See accompanying notes.


3


                 BOK Financial Thrift Plan for Hourly Employees

            Statement of Changes in Net Assets Available for Benefits

                          Year ended December 31, 2002


 Net Additions
 Investment income (loss):
    Interest and dividends                                   $       2,662
    Net depreciation in fair value of investments                  (16,659)
                                                            ------------------
                                                                   (13,997)
 Contributions:
    Participant                                                     56,029
    Employer                                                        20,227
    Rollover                                                        18,681
                                                            ------------------
                                                                    94,937
                                                            ------------------
 Total net additions                                                80,940

 Deductions
 Benefits paid to participants                                      23,245
 Transfers out of the plan                                           1,599
                                                            ------------------
                                                                    24,844
                                                            ------------------

 Net increase                                                       56,096
 Net assets available for benefits, at beginning of year           168,766
                                                            ------------------
 Net assets available for benefits, at end of year           $     224,862
                                                            ==================

See accompanying notes.


4

                 BOK Financial Thrift Plan for Hourly Employees

                          Notes to Financial Statements

                                December 31, 2002


1. Description of Plan

The following description of the BOK Financial Thrift Plan for Hourly Employees
(the Plan) provides only general information. Participants should refer to the
Summary Plan Description or the Plan document for a more complete description of
the Plan's provisions.

General

The Plan is a defined contribution plan covering all employees of BOK Financial
Corporation (BOKF) and its subsidiaries and affiliates (collectively, the
Employer or Company) who have attained age 21 and one year of service
(equivalent to 1,000 hours) and who are compensated on an hourly basis, except
those covered under a collective bargaining agreement and those treated as
independent contractors. The Plan is subject to the provisions of the Employee
Retirement Income Security Act of 1974 (ERISA).

Contributions

Participants may elect to contribute up to 25 percent of their compensation (as
defined by the Plan) on a pre-tax basis pursuant to a salary reduction agreement
filed with the Plan administrator. In addition, participants may make after-tax
contributions which shall not exceed 5 percent of each participant's
compensation. Participants may elect investment in any of ten mutual funds,
self-directed common stocks or registered investment companies, and BOKF Common
Stock.

The Employer contributes a matching contribution to the Plan. The matching
contribution may be made in cash or in shares of BOKF Common Stock. In 2002, the
entire matching contribution of $20,227 was made in cash.

5


                 BOK Financial Thrift Plan for Hourly Employees

                    Notes to Financial Statements (continued)
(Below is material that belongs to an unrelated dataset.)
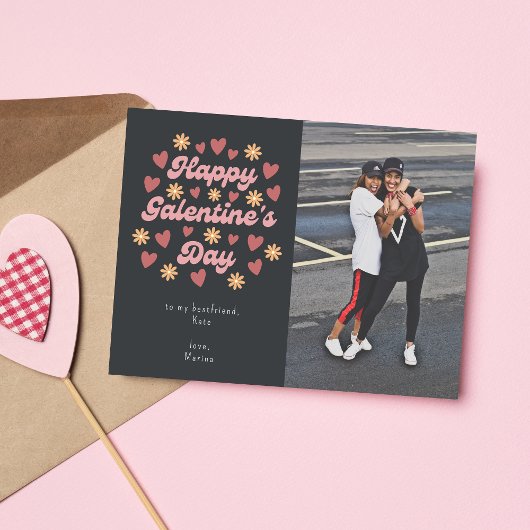 Black Retro Happy Galentine's Day BestVriendelijke Briefkaart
1. Description of Plan (continued)

For 2002, the Employer matching contribution ranges from $.40 to $1.00 for each
dollar of the participant's contribution, up to five percent of compensation,
based on each participant's years of service as follows:

                           Years of Service                 Matching Percentage
        -----------------------------------------------------------------------

        Less than four years                                       40%
        At least four, but less than ten years                     60%
        At least ten, but less than fifteen years                  80%
        Fifteen or more years                                     100%

The Employer may in its sole discretion, make an additional discretionary
contribution to the Plan. There was no discretionary contribution in 2002.

Participant Accounts

Each participant's account is credited with the participant's contribution and
allocations of (a) the Employer's contribution and (b) Plan earnings.
Allocations are based on participant earnings or account balances, as defined by
the Plan. The benefit to which a participant is entitled is the benefit that can
be provided from the participant's vested account.

Vesting

Participants vest in Employer matching contributions based upon years of
service, as defined by the Plan. Participants are 100 percent vested upon
completion of five years of service and are immediately vested in their deferred
(pre-tax) contributions, after-tax contributions, and the actual earnings
thereon.

Loans

Participants may borrow against their accounts in amounts not less than $1,000
and not to exceed the lesser of $50,000 or 50 percent of the participant's
vested account balance. Loans will bear interest based on the current banking
prime rate and may not exceed a five-year term, unless it is used to acquire the
primary residence of the participant, in which case the maximum term may be 25
years. The loans are secured by the balance in the participant's account.
Interest rates range from 4.75 percent to 9.50 percent. Repayment is made by
payroll withholdings.
1. Description of Plan (continued)

Payment of Benefits

A participant who terminates employment with a vested account balance less than
$5,000, excluding rollover contributions, will receive a lump-sum payment. If
the participant has a vested balance which exceeds $5,000, excluding rollover
contributions, the Plan will make a distribution only with the consent of the
participant at any time prior to the earlier of the participant's 65th birthday
or death. In lieu of a lump-sum payment, a participant who terminates employment
after his or her 65th birthday or after attaining age 60 and completing 10 years
of service, shall be entitled to elect monthly, quarterly, semi-annual or annual
installment payments to be paid over a period not to exceed 10 years from the
benefit commencement date. The installments may be accelerated at the direction
of the participant.

6

Forfeitures

Forfeited balances of terminated participants' nonvested accounts are utilized
to pay administrative costs or to reduce future Employer contributions. During
2002, forfeitures of $1,188 were used to reduce Employer matching contributions.

Plan Termination

The Employer expects to continue the Plan indefinitely. However, the Employer
reserves the right to discontinue the Plan or to amend the Plan, in whole or in
part, from time-to-time. In the event of Plan termination, participants will
become 100 percent vested in their accounts.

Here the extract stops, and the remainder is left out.